Berbagai regulasi terkait pendampingan serta bimbingan terhadap anak sudah diundangkan di tingkat negara. Begitu juga dengan aneka norma sosial yang tumbuh dan berkembang di tengah masyarakat sejak lama telah menyatu dalam pola kehidupan sehari-hari. Namun yang paling penting adalah peran orang tua di dalam keluarga. Bagaimana bisa mengatur kapan dan berapa lama anak boleh menonton televisi. Mendampingi mereka saat menonton layar kaca, serta kapan menggunakan internet, serta konten apa saja yang bisa diakses oleh anak.

Generasi Unggul

Bangsa yang unggul adalah bangsa yang sadar akan masa depan generasi pelanjut, serta mempersiapkan mereka secara terukur. Momentum penting ini bisa tercapai jika kita (orang tua dan guru) mau menghormati dan menjamin hak-hak anak tanpa diskriminasi. Selain itu memberikan yang terbaik bagi mereka.  Menjamin semaksimal mungkin kelangsungan hidup dan perkembangan anak, serta menghargai pendapat mereka.

Imam Ali bin Abi Thalib pernah berkata, “Didiklah anakmu sesuai dengan zamannya, karena mereka hidup bukan di zamanmu.” Perkataan futuristik ini, kini terbukti dan diakui oleh para pakar ilmu pendidikan dan ahli psikologi. Lebih jauh pria yang mendapat gelar “pintu ilmu” ini mengkategorikan cara memperlakukan anak pada tiga kelompok umur. Berawal dari 7 tahun pertama (usia 0 – 7 tahun), perlakukan anak sebagai raja. Berikutnya, 7 tahun kedua (usia 8 – 14 tahun), perlakukan anak sebagai tawanan. Terakhir, kelompok 7 tahun ke tiga (usia 15 – 21 tahun), perlakukan mereka sebagai sahabat.

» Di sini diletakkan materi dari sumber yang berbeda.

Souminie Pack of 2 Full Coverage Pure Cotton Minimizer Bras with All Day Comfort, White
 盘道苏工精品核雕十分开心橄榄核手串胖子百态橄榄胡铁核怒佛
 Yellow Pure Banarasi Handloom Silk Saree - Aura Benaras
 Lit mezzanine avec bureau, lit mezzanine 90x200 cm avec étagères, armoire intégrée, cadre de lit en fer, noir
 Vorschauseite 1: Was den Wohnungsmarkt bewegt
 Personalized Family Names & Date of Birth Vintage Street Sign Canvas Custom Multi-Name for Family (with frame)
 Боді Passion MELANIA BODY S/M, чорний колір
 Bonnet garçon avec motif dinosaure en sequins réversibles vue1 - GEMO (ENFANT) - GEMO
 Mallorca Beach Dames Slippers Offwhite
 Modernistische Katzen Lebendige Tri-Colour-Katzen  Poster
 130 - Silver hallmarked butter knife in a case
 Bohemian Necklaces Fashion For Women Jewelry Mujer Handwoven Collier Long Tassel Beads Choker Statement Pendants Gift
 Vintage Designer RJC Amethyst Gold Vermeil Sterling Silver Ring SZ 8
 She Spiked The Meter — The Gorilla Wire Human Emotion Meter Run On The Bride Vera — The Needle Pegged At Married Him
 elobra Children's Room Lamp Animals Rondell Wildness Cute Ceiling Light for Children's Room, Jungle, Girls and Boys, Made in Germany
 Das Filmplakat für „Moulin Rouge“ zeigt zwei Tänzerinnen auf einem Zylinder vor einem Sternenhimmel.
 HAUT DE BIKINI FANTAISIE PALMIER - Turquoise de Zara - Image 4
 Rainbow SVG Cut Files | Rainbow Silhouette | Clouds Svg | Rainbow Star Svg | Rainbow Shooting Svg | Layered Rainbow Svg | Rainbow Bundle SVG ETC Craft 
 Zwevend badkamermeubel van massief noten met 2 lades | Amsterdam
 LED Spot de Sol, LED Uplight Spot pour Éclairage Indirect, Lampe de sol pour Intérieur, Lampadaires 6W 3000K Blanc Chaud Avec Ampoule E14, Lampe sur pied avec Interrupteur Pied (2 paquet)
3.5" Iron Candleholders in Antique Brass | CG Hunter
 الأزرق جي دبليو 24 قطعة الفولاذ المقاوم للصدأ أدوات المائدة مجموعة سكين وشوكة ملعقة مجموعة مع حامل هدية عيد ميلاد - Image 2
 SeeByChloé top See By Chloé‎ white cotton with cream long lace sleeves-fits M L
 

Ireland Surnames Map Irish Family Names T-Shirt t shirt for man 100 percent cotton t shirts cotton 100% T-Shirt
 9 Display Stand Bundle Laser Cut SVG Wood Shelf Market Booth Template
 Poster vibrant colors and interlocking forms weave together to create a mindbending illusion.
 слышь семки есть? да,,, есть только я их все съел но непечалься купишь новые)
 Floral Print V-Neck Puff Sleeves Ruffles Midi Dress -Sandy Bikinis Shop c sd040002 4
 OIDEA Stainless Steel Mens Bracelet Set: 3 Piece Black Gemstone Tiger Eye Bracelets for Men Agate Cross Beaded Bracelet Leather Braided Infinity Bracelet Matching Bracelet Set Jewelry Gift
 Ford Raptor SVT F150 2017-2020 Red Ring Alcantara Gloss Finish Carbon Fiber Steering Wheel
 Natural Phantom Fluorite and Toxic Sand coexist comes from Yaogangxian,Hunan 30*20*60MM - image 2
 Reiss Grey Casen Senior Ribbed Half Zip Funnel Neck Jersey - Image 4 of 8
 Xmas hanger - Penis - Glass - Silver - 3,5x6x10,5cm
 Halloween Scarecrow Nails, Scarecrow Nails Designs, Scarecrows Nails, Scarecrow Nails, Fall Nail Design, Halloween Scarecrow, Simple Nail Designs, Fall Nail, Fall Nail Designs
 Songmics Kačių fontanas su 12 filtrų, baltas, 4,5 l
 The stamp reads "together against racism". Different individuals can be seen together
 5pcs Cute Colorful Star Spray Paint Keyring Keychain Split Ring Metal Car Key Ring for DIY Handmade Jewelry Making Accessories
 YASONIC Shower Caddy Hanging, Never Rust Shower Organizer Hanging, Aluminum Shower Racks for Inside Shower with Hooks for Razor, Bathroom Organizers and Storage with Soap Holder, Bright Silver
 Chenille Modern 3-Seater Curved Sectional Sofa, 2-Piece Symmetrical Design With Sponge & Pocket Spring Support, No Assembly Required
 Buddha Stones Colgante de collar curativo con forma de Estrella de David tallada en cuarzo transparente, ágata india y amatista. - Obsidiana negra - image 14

Suatu bangsa akan maju dan sejahtera, bila generasi pengganti lebih baik dari generasi yang diganti. Mimipi besar dan cita-cita mulia kelak akan kita gapai. Kuncinya terletak pada keseriusan kita membina, membimbing,  dan mengarahkan anak-anak kita ke arah jalan yang benar. Dan ini adalah tanggung jawab sejarah generasi sekarang. Menjadikan anak Indonesia sehat, kreatif, unggul, serta berahlak mulia.(#)

* Artikel ini disampaikan pada Forum Sosialisasi  Informasi Layak Anak (ILA),  pelaksana Kementerian Pemberdayaan Perempuan dan Perlindungan Anak  RI , Senin, 28 Oktober 2019, Hotel Grand Dafam Ternate.